Here’s the official announcement from Veo:

During this pause, we are committed to the following:

• Making fleet upgrades: We’re excited to announce that we’ll be introducing refreshed Cosmo e-bikes equipped with upgraded technology. These upgrades will result in more available vehicles that are reliable, and will provide a smoother, more efficient riding experience for you.

• Optimizing operations: To better serve Seattle, we will use this pause to reorient all elements of our local operations. This will help us ensure quality vehicles are where you need them and maximize technician presence in the field to charge batteries, rebalance our fleet, and quickly respond to all service requests.

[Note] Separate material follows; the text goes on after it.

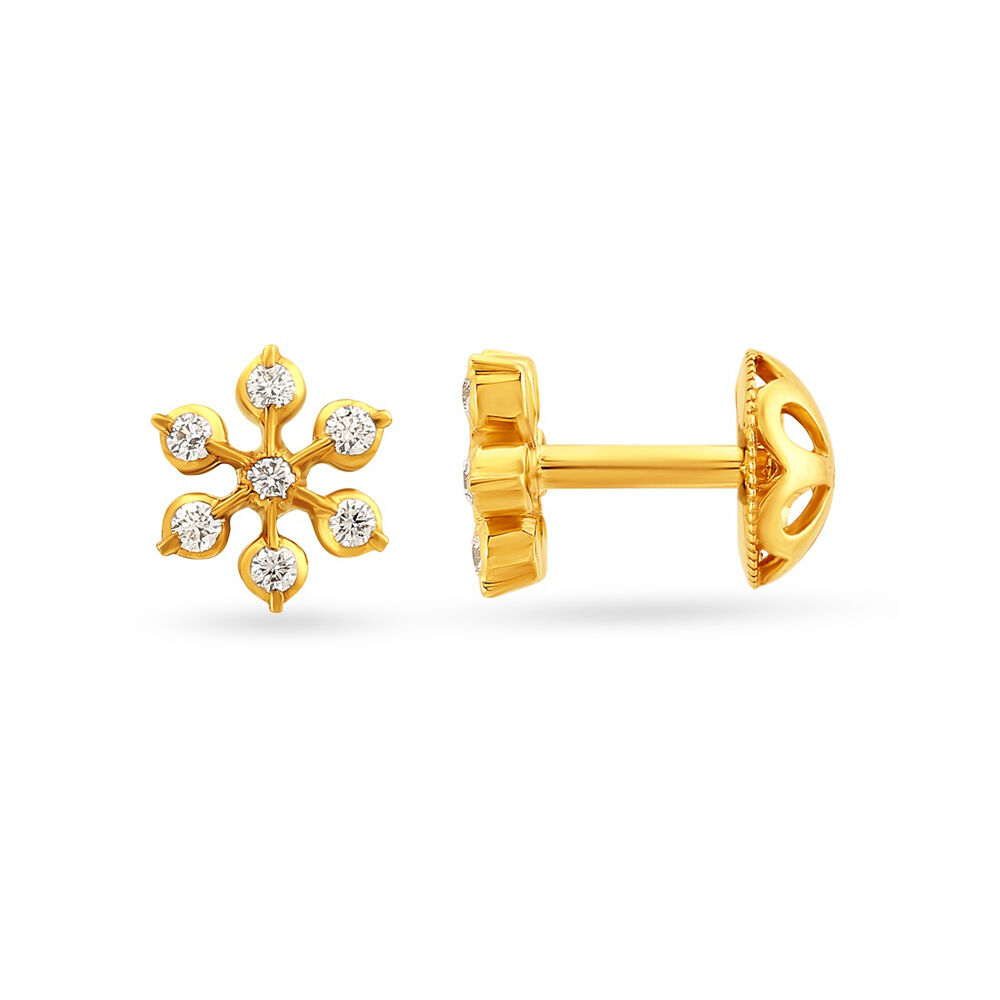 Adorable 22 Karat Gold And Diamond Floral Stud Earrings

We’re thrilled to be working closely with the City of Seattle on these improvements. The City’s support and collaboration have been essential as we work to enhance transportation options for our community.

Thank you for your understanding and continued support. Right now, you can use the promo SPRING24 for $10 in ride credit so you’ll be ready to ride when we’re back. In the meantime, please make sure your Veo app notifications are turned on so you’ll know when our operations have reopened.